SECURITIES AND EXCHANGE COMMISSION

WASHINGTON, D.C. 20549

 

FORM 8-K

 

CURRENT REPORT

 

Pursuant to Section 13 or 15(d) of the Securities Exchange Act of 1934

 

Date of Report (date of earliest event reported): February 25, 2022

 

NOCERA, INC.

(Exact name of registrant as specified in charter)

 

Nevada

(State or other jurisdiction of incorporation)

 

000-55993   16-1626611
(Commission File Number)   (IRS Employer Identification No.)

 

3F (Building B), No. 185, Sec. 1, Datong Rd., Xizhi Dist., New Taipei City, Taiwan 221, ROC

(Address of principal executive offices and zip code)

 

(886) 910-163-358

(Registrant’s telephone number, including area code)

 

 

Check the appropriate box below if the Form 8-K filing is intended to simultaneously satisfy the filing obligation of registrant under any of the following provisions:

 

Written communications pursuant to Rule 425 under the Securities Act (17 CFR 230.425)

 

Soliciting material pursuant to Rule 14a-12 under the Exchange Act (17 CFR 240.14a-12)

 

Pre-commencement communications pursuant to Rule 14d-2(b) under the Exchange Act (17 CFR 240.14d-2(b))

 

Pre-commencement communications pursuant to Rule 13e-4(c) under the Exchange Act (17 CFR 240.13e-4(c))

 

Securities registered pursuant to Section 12(b) of the Act: None 

 

Title of each Class Trading Symbol Name of each exchange on which registered
N/A N/A N/A

 

Indicate by check mark whether the registrant is an emerging growth company as defined in Rule 405 of the Securities Act of 1933 (§230.405 of this chapter) or Rule 12b-2 of the Securities Exchange Act of 1934 (§240.12b-2 of this chapter)

 

Emerging Growth Company

 

If an emerging growth company, indicate by check mark if the registrant has elected not to use the extended transition period for complying with any new or revised financial accounting standards provided pursuant to Section 13(a) of the Exchange Act. 

 

 
 

 

 

Item 5.03 Amendments to Articles of Incorporation or Bylaws; Change in Fiscal Year.

 

On February 25, 2022, the Board of Directors (the “Board”) of Nocera, Inc., a Nevada corporation (the “Corporation”) approved the amended and restated bylaws of the Corporation (the “A&R Bylaws”), which, among other things, amends the stockholder quorum requirements of the original bylaws of the Corporation.

 

Article I, Section 1.6 of the original bylaws of the Company provided, in part, that the holders of a majority of the shares entitled to vote, represented in person or by proxy, shall constitute a quorum of the stockholders for all purposes.

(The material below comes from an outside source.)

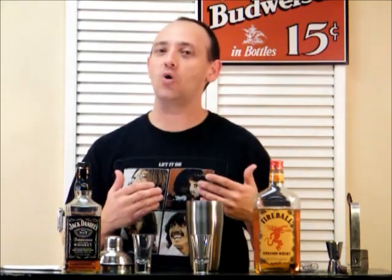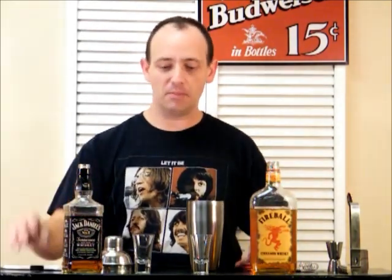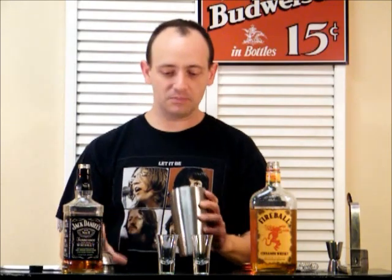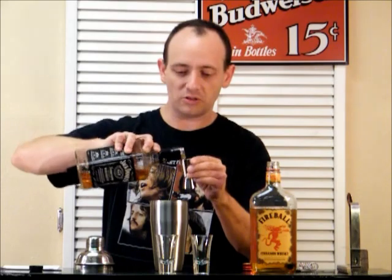Alright, welcome back to Drinks with Diablo. What we've got for you today is the Kevorkian, and it's pretty simple. You just need Fireball whiskey and Jack Daniels whiskey. I'm going to make enough for two. I'm going to shake it on some ice just for the hell of it. So if you just want to make one, just cut it in half.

In contrast, Article II, Section 2.6 of the A&R Bylaws provides that at any meeting of the stockholders, the holders of thirty-three and one-third percent (33 1/3%) of the shares entitled to vote, represented in person or by proxy, shall constitute a quorum of the stockholders for all purposes, unless the representation of a larger number shall be required by law, and, in that case, the representation of the number so required shall constitute a quorum.

 

The description of Article II, Section 2.6 set forth above and the remainder of the A&R Bylaws are qualified in its entirety by reference to the full and complete A&R Bylaws, a copy of which is attached hereto as Exhibit 3.1 and incorporated therein by reference.

 

Item 9.01 Financial Statements and Exhibits.

 

(d) Exhibits

 

Exhibit No. Description
   
3.1 Amended and Restated Bylaws of Nocera, Inc., effective as of February 25, 2022
104 Cover Page Interactive Data File (embedded within the Inline XBRL document)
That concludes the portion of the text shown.